Response compression
HTTP response compression (gzip/Brotli) reduces network transfer at the cost of CPU. Spring Boot's embedded Tomcat compresses responses when configured:
server:
compression:
enabled: true
mime-types: application/json, application/xml, text/html, text/plain
min-response-size: 2048 # only compress responses larger than 2KB
Compression is worth enabling for JSON API responses over 2KB — JSON compresses well (60–80% size reduction typical). For small responses (< 1KB), compression overhead exceeds the network savings. The min-response-size threshold handles this automatically.
CPU cost of gzip: roughly 1–3ms per response for a 10KB JSON payload on modern hardware. For a service handling 10,000 requests per second, this is 10,000–30,000ms of CPU per second — meaningful at scale. Profile whether compression is CPU-bound at your traffic levels before enabling it.
HTTP/2 and connection multiplexing
HTTP/2 is worth enabling for APIs consumed by browsers or clients that make multiple concurrent requests to the same host. Multiplexing multiple requests over a single TCP connection reduces connection establishment overhead:
server:
http2:
enabled: true
For most backend-to-backend API calls, HTTP/2's benefit is minimal — the client typically makes sequential requests or maintains a persistent connection pool anyway. For public APIs consumed by many different clients, HTTP/2 reduces connection overhead significantly.

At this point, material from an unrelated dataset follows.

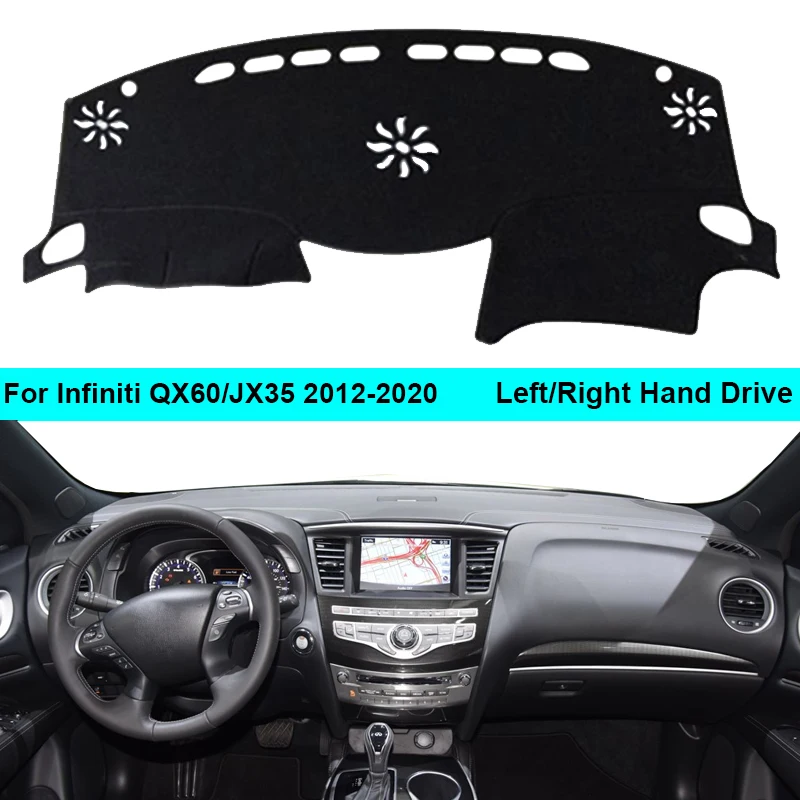 Kryt palubného panela Cape Cape pre Infiniti QX60 JX35 2012 2013 2014 2015 2016 2017 2018 2019 2019 2020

What's actually worth optimizing
The filter chain, argument resolution, and serialization together typically add 1–5ms to requests where the database takes 20–100ms. Optimizing them saves a small percentage of total latency.
The cases where these layers dominate:
- Endpoints that return cached data (database time is near zero — framework overhead is all that's left)
- Validation-heavy endpoints where the request body is large and complex
- High-frequency lightweight operations (heartbeat endpoints, metrics endpoints, health checks)
For these cases, the optimizations above — stateless session policy, streaming for large bodies, response compression, HTTP/2 — are worth applying. For endpoints that are database-bound, the same effort applied to query optimization returns more.
The measurement that tells you where to invest: compare http.server.requests duration (DispatcherServlet to response) against total request duration in your load balancer or APM. A large gap indicates filter chain overhead worth investigating. A small gap confirms that the framework layers are not the bottleneck.